A GIPPSLAND MP says it’s three years down the track and the state government’s “sham announcement” to expand timber plantations in Gippsland still has not delivered a single extra tree in the ground, but the government says he’s wrong.
Gippsland South MLA Danny O’Brien said the state government was “all sizzle and no sausage”, with numerous announcements now piling up and “absolutely no follow-through”.
“The people of Gippsland and the [Latrobe] Valley want secure jobs in the forestry sector, and they are angered by Labor’s decision to phase out the native hardwood industry,” he said.
“However back in May 2017, the government pledged $110 million in the state budget to expand plantations in the Latrobe Valley to notionally help our timber sector transition.
“We are now more than three years down the track from that announcement – and not a single extra tree has been planted.
“This makes a lie of both that announcement and the Andrews government’s supposed plan to transition the native hardwood sector into plantations by 2030.”
The claims are disputed by Agriculture Minister Jaclyn Symes, who said Mr O’Brien had “got his facts wrong – again”.
“We planted 250,000 seedlings last winter and have the same number going in the ground this winter,” she said.
“Five out of six trees harvested in Victoria already are taken from plantations.
“Mr O’Brien knows well that Victoria has a mature plantation industry, and this will continue to grow as we transition our forestry industries to a more sustainable footing.”
But Mr O’Brien said any trees planted would take decades before they were ready for harvesting.
“Not a single tree planted today will be ready to harvest in 2030,” he said.
“Latrobe Valley and Gippsland timber workers want certainty, but instead they get spin from the government.”

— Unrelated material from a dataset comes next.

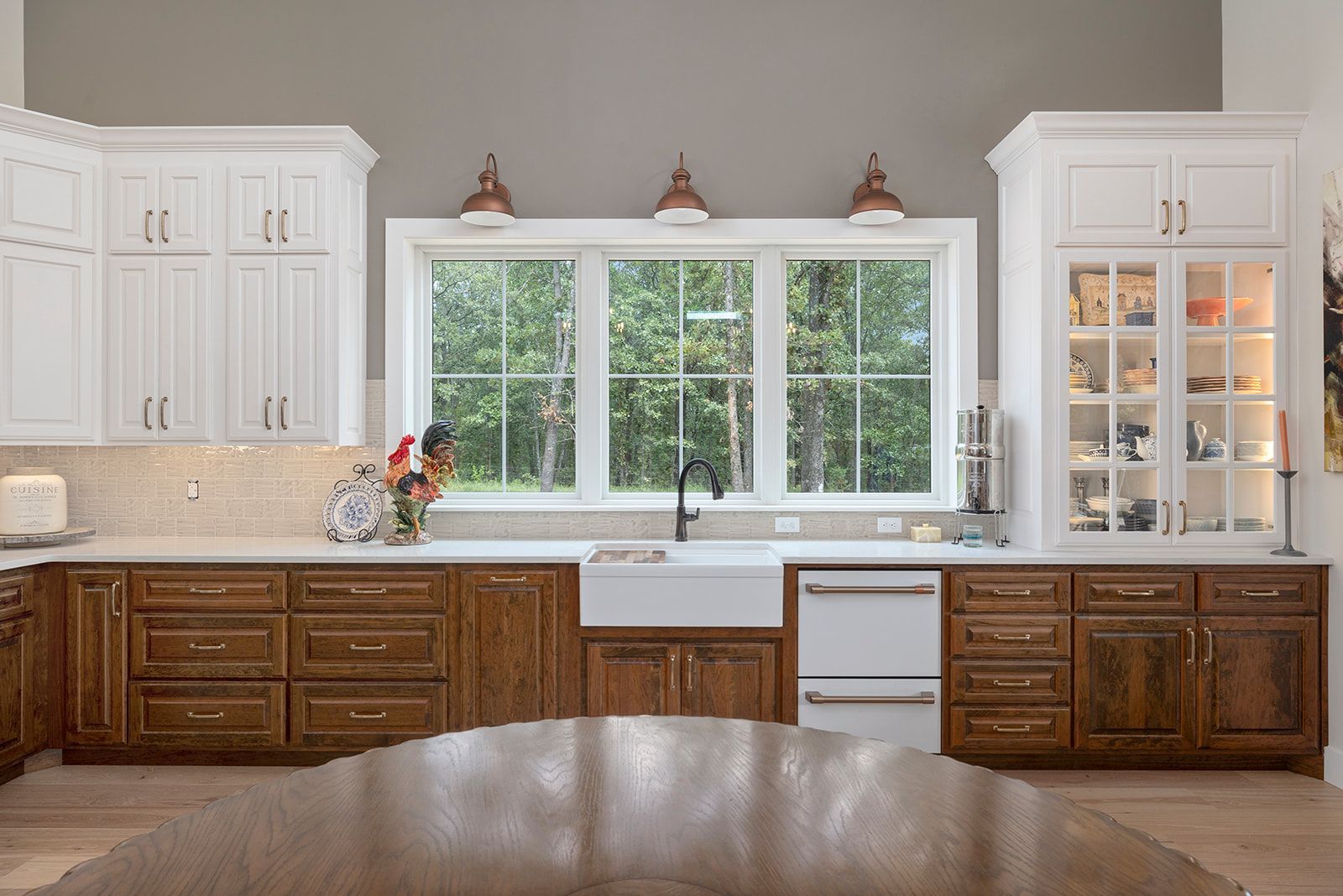A kitchen with white cabinets , wooden cabinets , a sink , and a table.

Mr O’Brien said the government last year claimed to be expanding the plantation estate as it planted blue gums, a pulpwood species, on land that had already been in plantation for years.
Eastern Victoria MLC Melina Bath said Labor was letting down timber workers and communities around Gippsland.

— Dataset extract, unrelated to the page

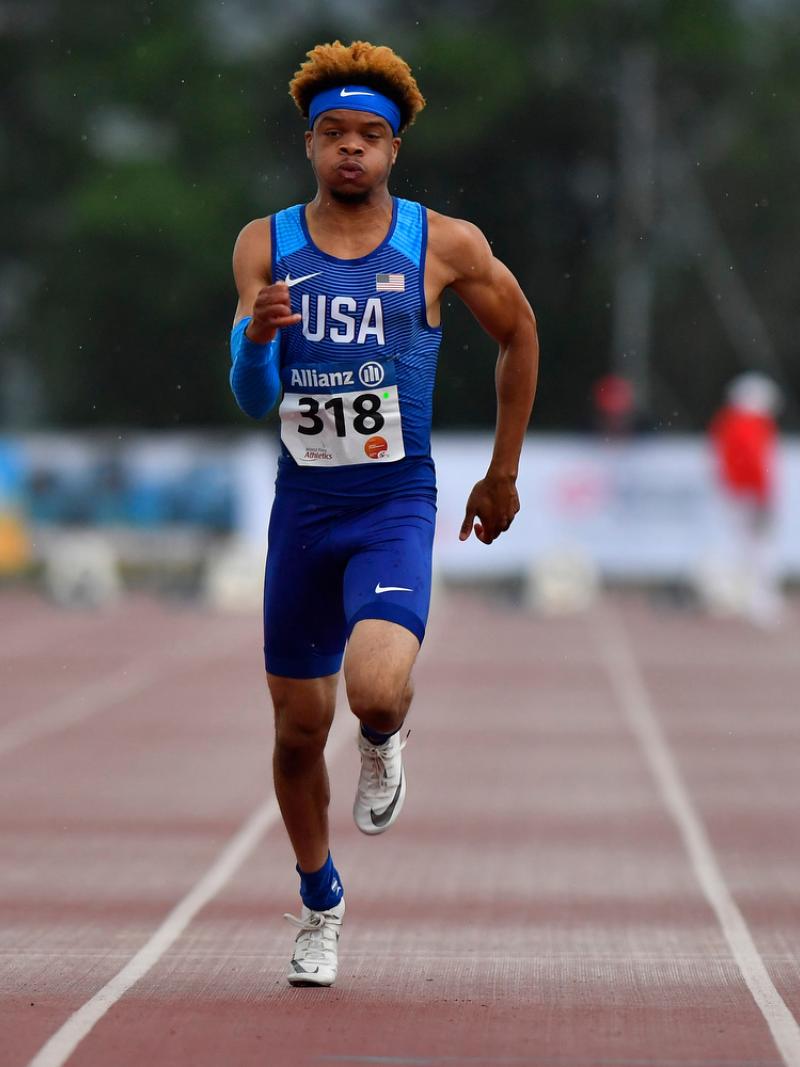 African American teenage male sprints on the track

“We know that Australian Paper will need additional fibre supplies in coming years, not to mention the need for more hardwood plantations if Labor gets its way and shuts down harvesting in state forests,” she said.
“We have had enough of spin and if the government was at all interested in jobs in the Valley and across the region it would have done something, not just put a line in the budget papers and a headline on a press release.”
Mr O’Brien said the government’s announcement of a Gippsland Centre for Forest Product Innovation was a hollow offer.
“Our timber industry, both in the plantation and native sectors is already highly innovative and adaptive, but any future investments will amount to nothing if there is no timber supply coming through.
“I have spoken with timber industry players who have land available and opportunities to develop plantations and they’ve offered these to the government and had no response.
“There is no excuse for this level of inaction from the government.
“It’s had three years now and it’s continued to show it doesn’t have a plan for the timber industry other than to sacrifice it for green votes in Melbourne.”